Impressive Total Returns
Here I differentiate Kroger to larger retailers Walmart (WMT) and Costco (COST). I know both companies are much larger, but the smaller grocer holds their own against the two looking out beyond the past year. Over a 1-year time period both stocks are in the green while KR is down nearly 9%. In my opinion, one reason for this is the pending merger. But looking out beyond that in a 3, 5, and 10-year period, the smaller grocer beats WMT over a 3 and 10 year period.
Even in 5 years they don’t trail the world’s largest grocer by a significant amount. KR total returns are nearly 64% compared to nearly 74% for WMT. But over a 3 and 10 year period, they outperformed them at 40.88% compared to just 7.01%. In 10 years, total returns are closer with Kroger still beating them out at 163% compared to 140% for the latter. COST beats both pretty handily over all periods. Probably why it was a favorite and large holding in the late Charlie Munger’s portfolio.
Valuation
At a P/E of just 10x, KR’s valuation is very attractive here. It is both below the sector median and its 5-year average of 12x. Any stock of KR’s caliber trading at just 10x earnings is a steal in my opinion and that’s why I added to my position today. And I strategize to continue adding as the price dips below $44. I expect the stock to continue experiencing volatility in the coming months pending approval of the merger.

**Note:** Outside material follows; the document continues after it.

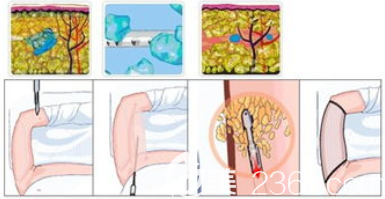 手臂吸脂手术过程图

For my valuation I use the Dividend Discount model and January 2025’s dividend calculate of $1.17 as per Seeking Alpha. KR actually has some pretty impressive dividend growth over a 5-year period of 14.38%. But being conservative as I always am, I use an expected rate of return of 8%, and a growth rate of 6%, significantly lower than the 14.38%. Reason being is I expect the company’s margins to continue to be squeezed for the foreseeable future due to the looming recession and macro environment. This gives me a price target of $58, above their current price target of $51.
Risk Factors
The current macro environment and tighter financial conditions will remain a huge risk in the foreseeable future as long as rates remain elevated. As management stated during earnings, customers are actively seeking value and this will continue going forward.
Another risk that poses a threat to the company is the recent development and popularity of GLP-1 drugs. In Q3, management stated they saw rapid growth of these drugs in their retail pharmacies. The effects it can have on the business remain unknown for now. KR also noted that the patient data in their pharmacy operations is separate and is protected by privacy laws. But management thinks their “Food as medicine” philosophy positions them well. If these drugs continue to gain popularity, it could potentially have a large effect on grocers admire KR.
Bottom Line
Kroger is severely undervalued at just 10x earnings which is hard to find in this overvalued market. Many stocks still trade well-above 20x earnings even with the sell-off in some sectors in recent months. I think the pending merger is suppressing the stock price at the moment. Additionally, the stock has attractive total returns over a 3, 5, and 10-year period making them even more attractive along with its valuation. I expect the stock’s price to trade between $43 to $45 pending the merger. If the merger gets pushed or disapproved I expect them to go through a advance price reject. But either way if the merger gets approved or not, I think Kroger is a buy.